Remodeling Expenditures. This is the amount of money spent on home improvement projects during the month in question. It covers all work done for privately owned homes (excludes rentals, etc.). The data are in billions of dollars and are issued monthly by the U.S. Department of Commerce.
Single-Family Starts. This is the number of single-family houses for which construction was started in the given month. The data are in thousands of houses and are issued monthly by the U.S. Department of Commerce.
Existing-Home Sales. These data are issued monthly by the National Association of Realtors and capture the number of existing homes that were sold in the previous month.
High-End Home Sales. This series are sales of new homes priced at $500,000 and higher. The data are released quarterly by the U.S. Department of Commerce and are not seasonally adjusted. Thus, a valid comparison is made to the same quarter of prior year.
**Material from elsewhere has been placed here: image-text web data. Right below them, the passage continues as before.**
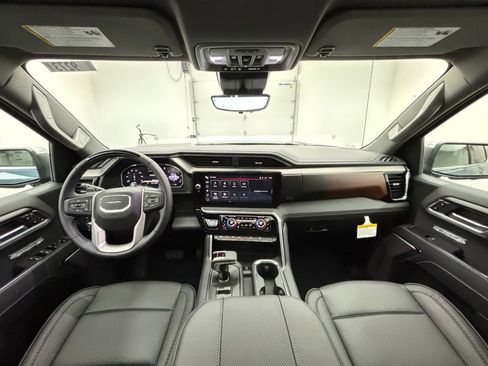 New 2026 GMC Sierra 1500 Denali image 2
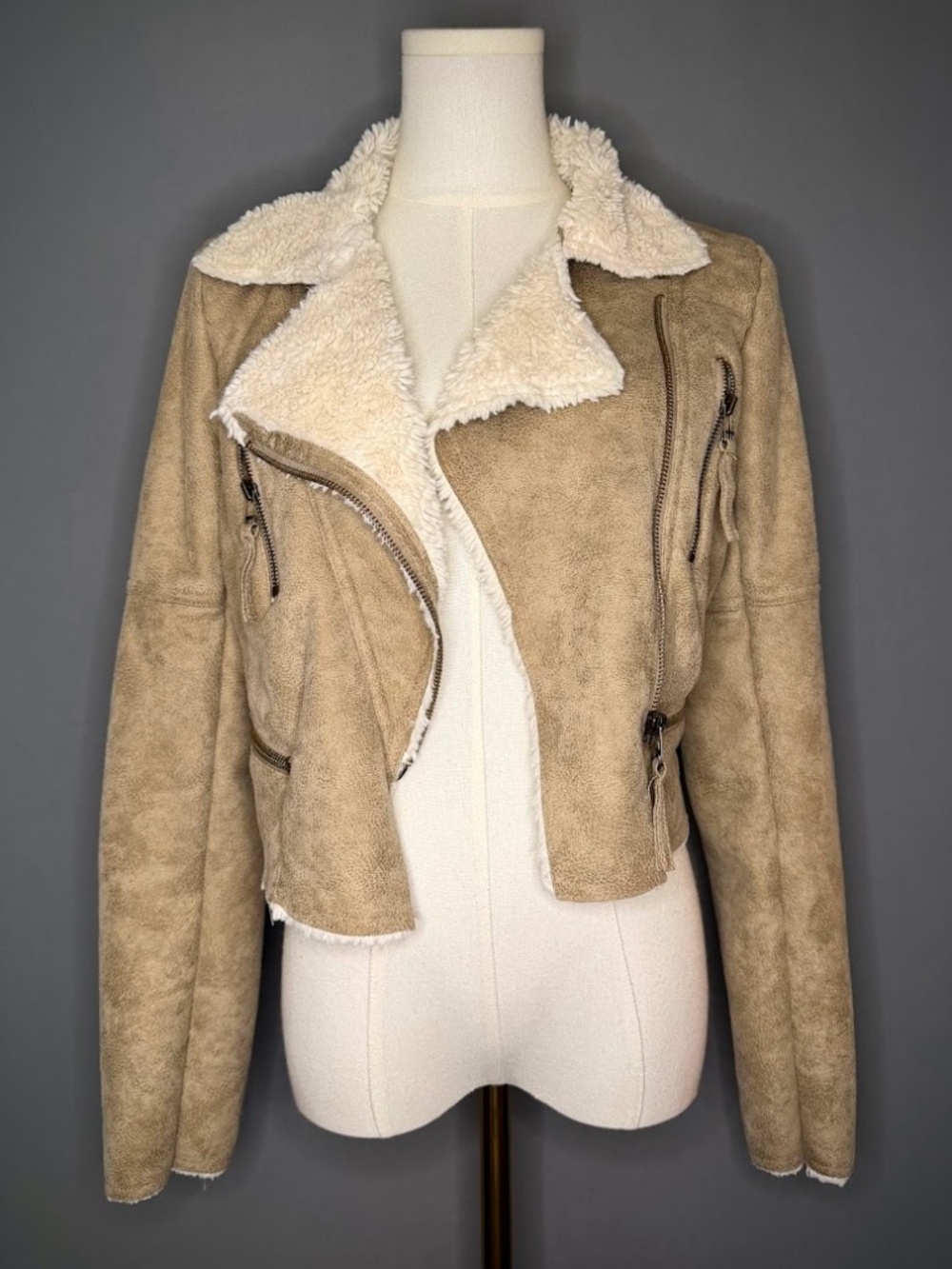 Urban Behavior Peace & Love Faux Shearling Cropped Moto Jacket Tan Cream Size S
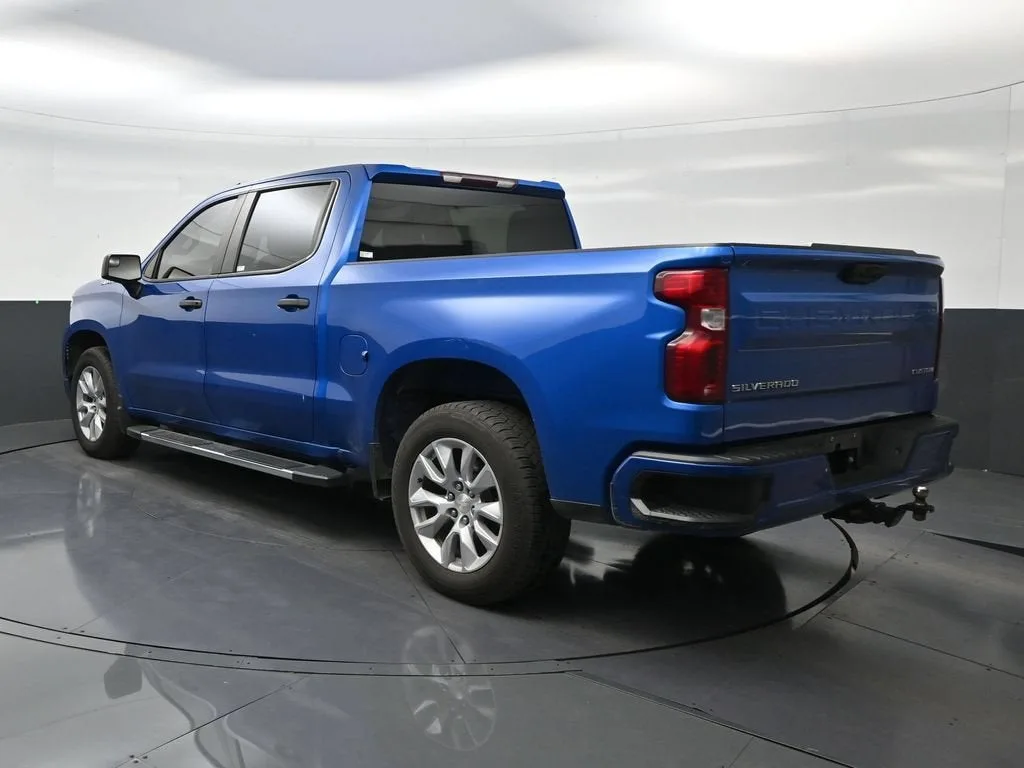 2022 Chevrolet Silverado 1500 Custom photo 3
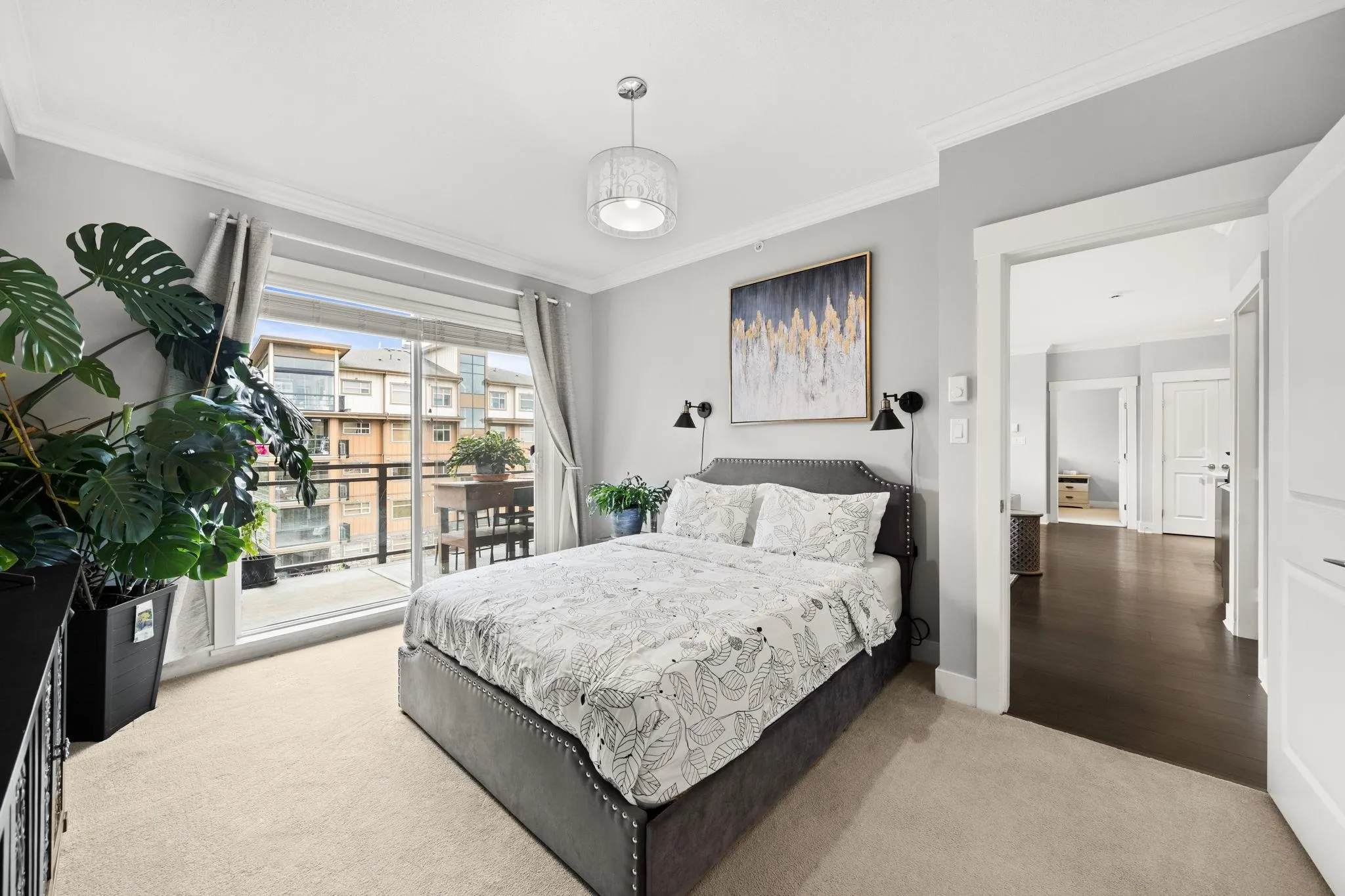 419 20728 Willoughby Town Centre Drive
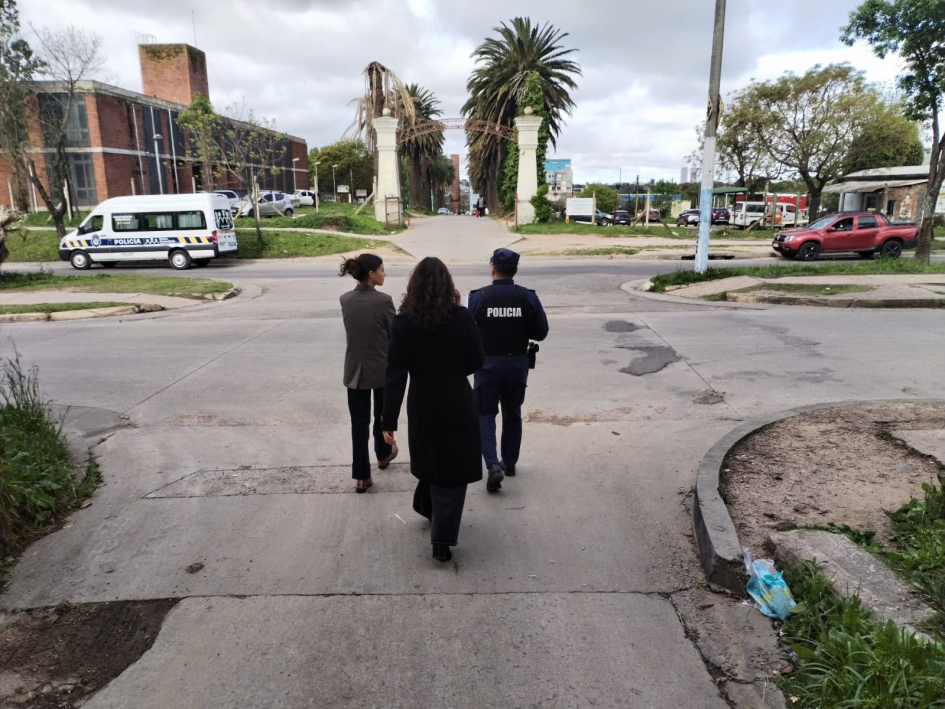 La Policía Comunitaria recorre centros educativos y espacios del Cerro Barrio Cerro y sus zonas comprendidas dentro del programa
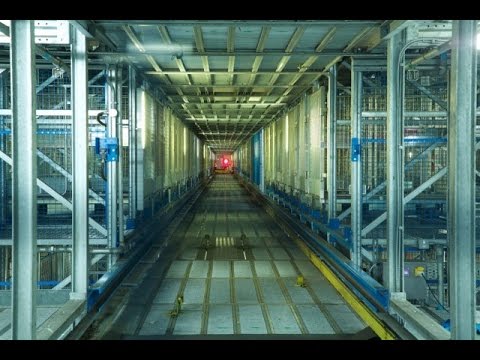 The Holiday Rush - Fly-through our giant automated warehouse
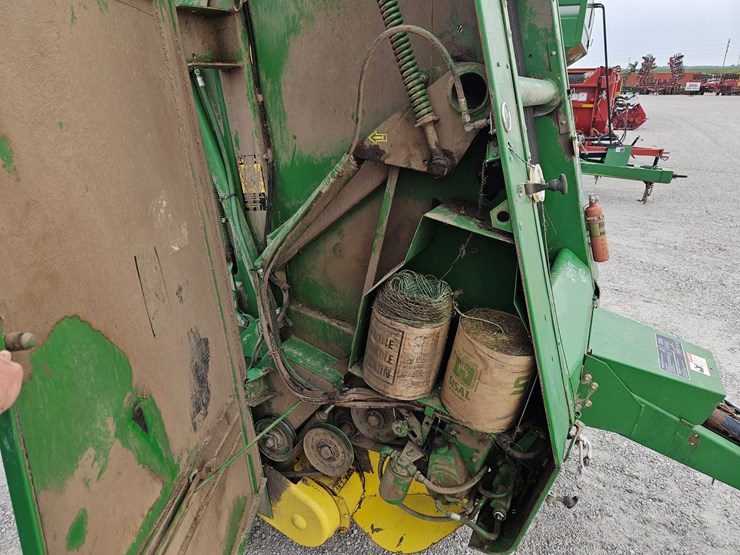 1992-john-deere-435-image-5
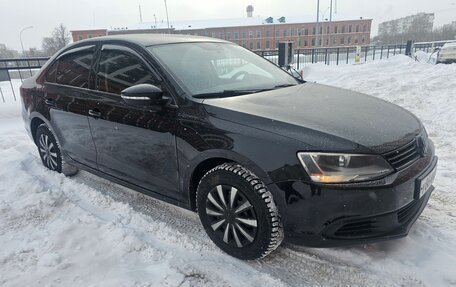Volkswagen Jetta VI, 2013 год, 899 000 рублей, 7 фотография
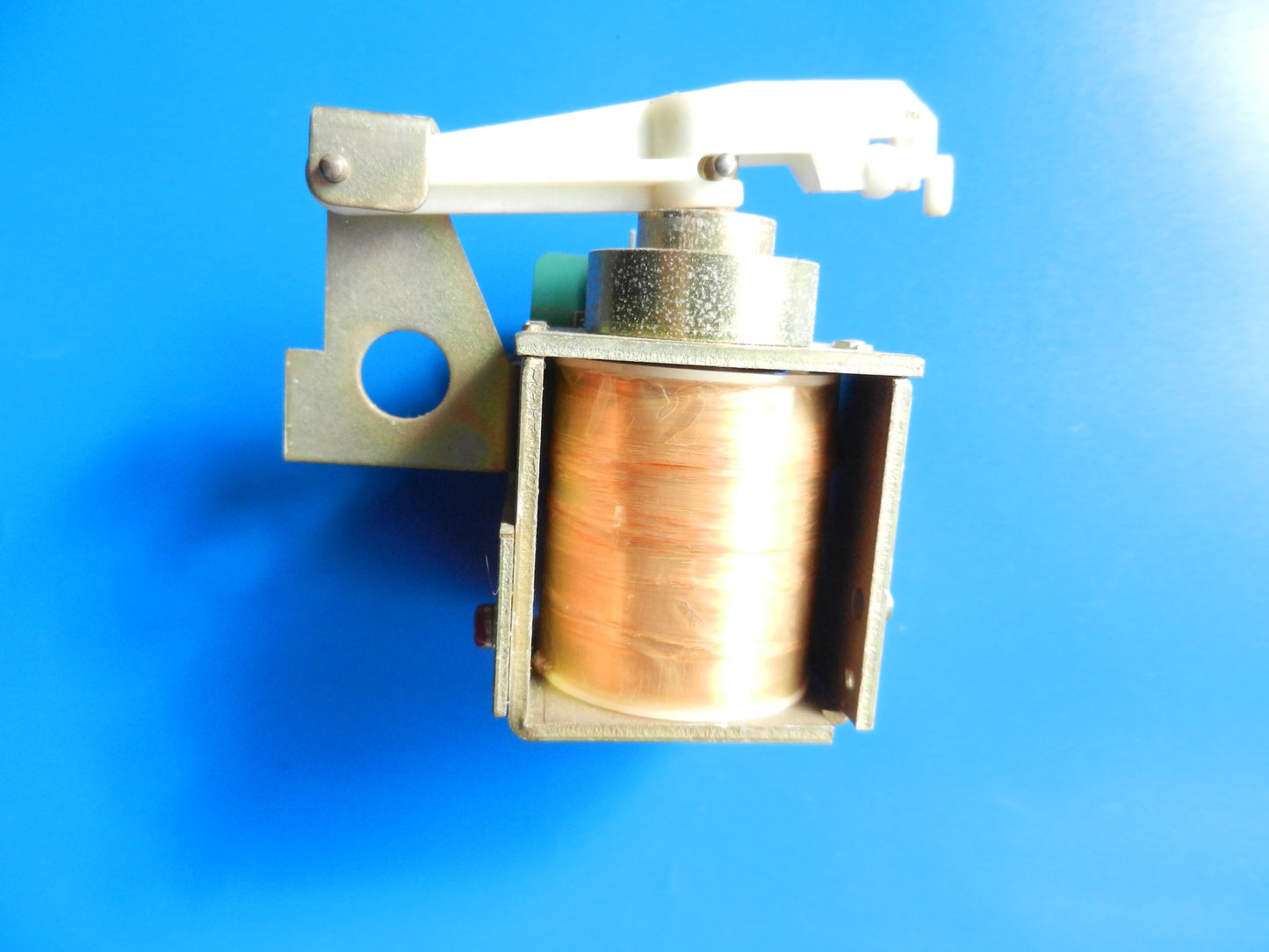 TK745, TK845 Schaltmagnet groß für Grundig Tonbandgeräte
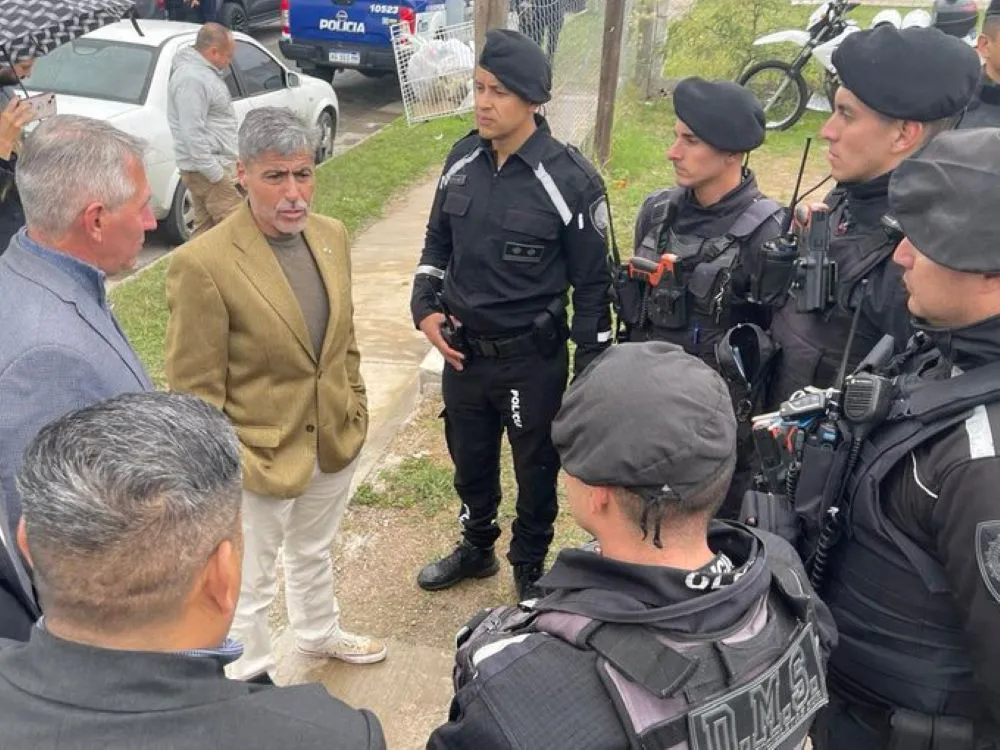 Procedimiento antidrogas en Rosedal by Ministerio de SEguridad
Mortgage Rate. We have chosen the rate on 30-year conventional loans that is issued by the Federal Home Loan Mortgage Corporation (known popularly as Freddie Mac.) Although there are a large number of mortgage instruments available to consumers, this one is still the most commonly used.
Employees in Residential Remodeling. This indicator denotes the number of individuals employed in construction firms that do mostly residential remodeling work.
Building-Materials Sales. These data, released monthly by the Department of Commerce, capture total sales of building materials, regardless of whether consumers or contractors purchased them. However, we should caution that the data also includes sales to projects other than residential houses.
Appliance-Store Sales. This driver captures the monthly sales of stores that sell mostly household appliances; the data are stated at an annual rate. We should not confuse this driver with total appliance sales, since they are sold by other types of stores such as home centers.